Recipe: Make our celeriac and leek soup with blue cheese crumble
- Credit: Charlotte Smith-Jarvis
I’ve been a bit low key recently readers. You see, the day before New Year’s Eve having just read Suffolk-based author Anthony Horowitz’s latest book Magpie Murders (well worth a look), I found myself in a bit of a dream state and quite literally fell over thin air just a couple of minutes from my front door. The result? A ripped muscle in my right hand (also my writing hand). It still twinges, and I can’t grip a steering wheel well enough to drive at the moment, but the thing that’s irked me most is how long everything now takes me in the kitchen. While I’ve mastered chopping soft-ish things, I still can’t quite muster the strength to push through an onion. To begin with I was at my husband and kids’ mercy, which meant a lot of ‘brown food’. Chips, waffles, chicken nuggets, pre-packed noodles. And all when I’d planned a post-Christmas health blitz.
That's until I pulled out my trusty Kenwood Multipro food processor. The poor old thing really has seen better days. It’s about 11 years old, the handle’s cracked off, and the blade section is in two parts which have to be pushed back together before use. It definitely wouldn’t pass any kind of health and safety or electrical test, and I will have to invest in a new one soon, but it still slugs away, making light work of everything I can’t easily do, from grating carrots, to dicing onions and grinding spices.

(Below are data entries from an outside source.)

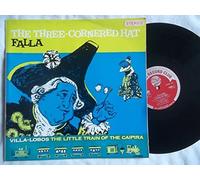 Manuel De Falla - TP 164 Train Caipira/3 Cornered Hat LSO Jorda/Goossens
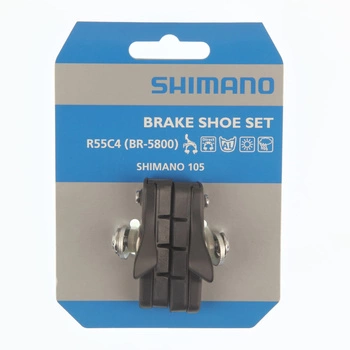 Klocki hamulcowe rowerowe V-Brake Shimano BR5800 R55C4
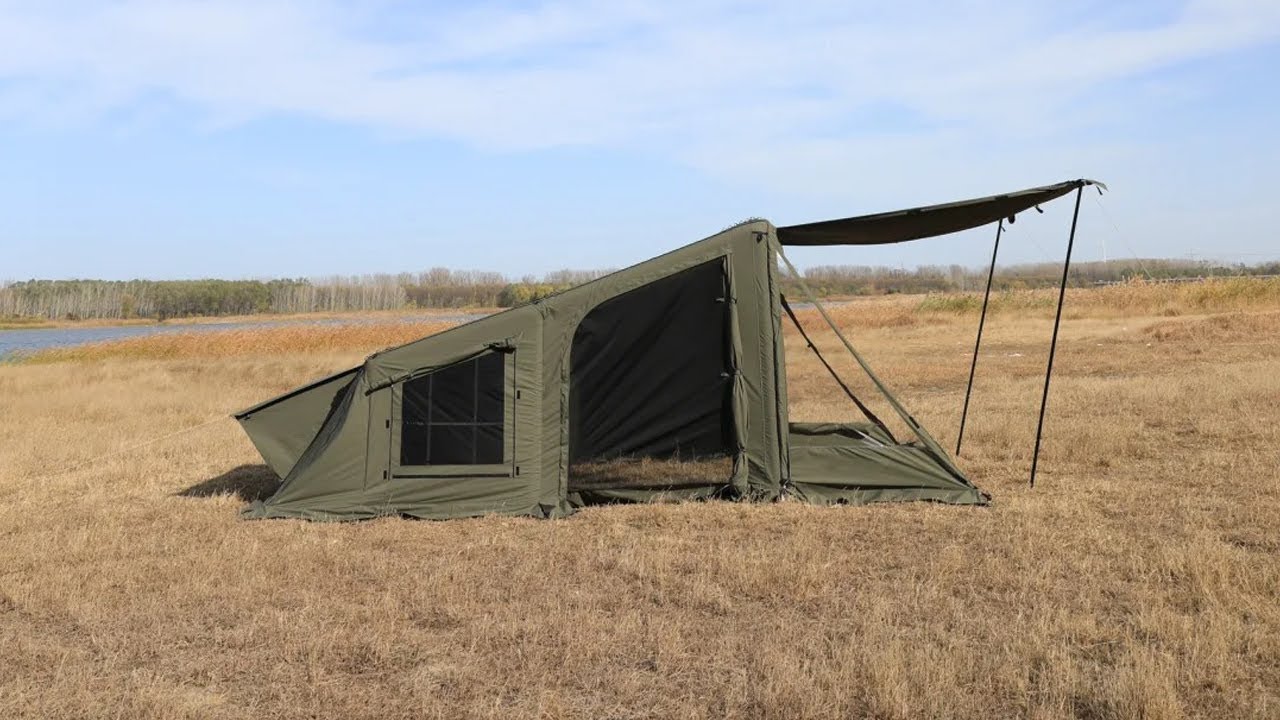 SON OF YAMANO (SOULSTONE)] Enjoy luxury camping with the new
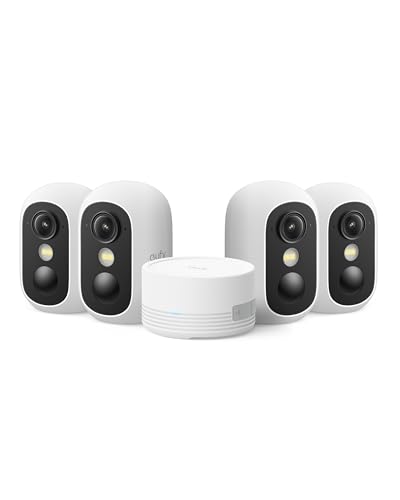 Eufy Security eufyCam C35 4-Camera Kit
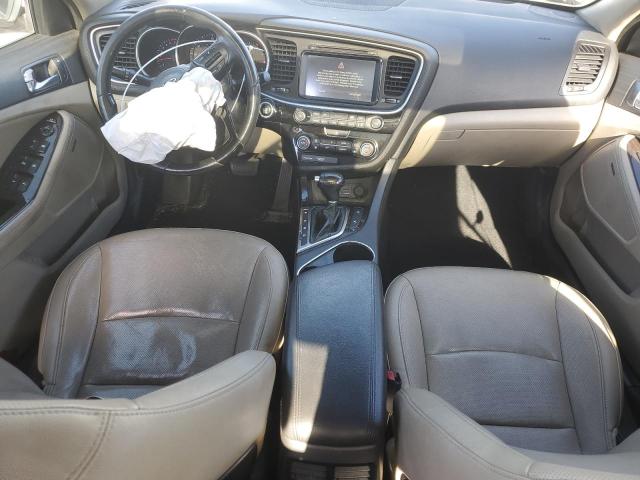 5XXGN4A74EG295984 - 2014 KIA OPTIMA EX 棕色 照片 8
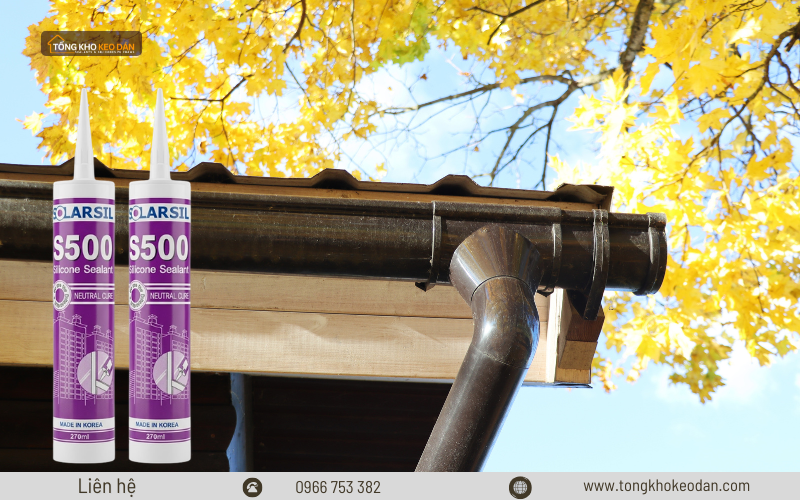 keo silicone chịu thời tiết tốt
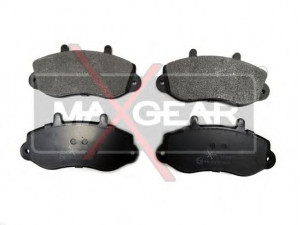 MAXGEAR 19-0587 stabdžių trinkelių rinkinys, diskinis stabdys 
 Techninės priežiūros dalys -> Papildomas remontas
4501 150, 4501 150, 9 161 450, 9 161 450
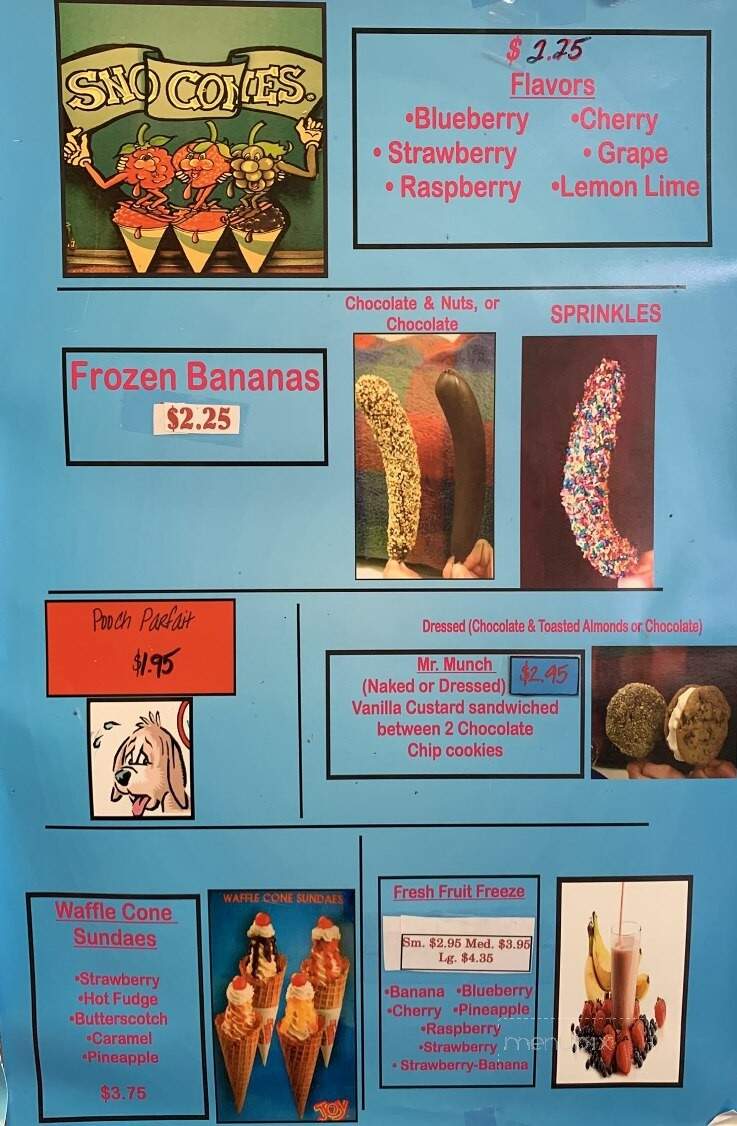 Carmen's Dairy Bar & Grill - Clawson, MI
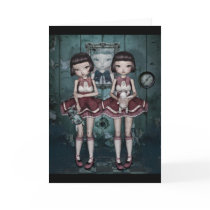 Toy Triplets notecards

I don’t know what I would have done without it to be honest – I definitely don’t want to see another chicken nugget this side of spring.
This week, inspired by the contents of my Riverford organic veg box, and needing a simple dinner fix, I whipped up one of the easiest soups ever. It’s one I regularly make at this time of year, never quite believing the depth of flavour that can come from so few ingredients. Mr J had to peel and cut the tough celeriac, but the rest was handled deftly by Mr Kenwood. You can just make the soup, but for a final flourish, craving a bit of texture, I made a savoury, salty blue cheese crumble to sprinkle over the top. It takes less than five minutes to prepare and 15 to 20 minutes to cook, and it really brings out the best in the celeriac and leeks. Fennel seeds are superb in the crumble, but not for everyone, so leave them out if you like. A grating of orange zest will take the flavour up another notch too. A great winter warmer.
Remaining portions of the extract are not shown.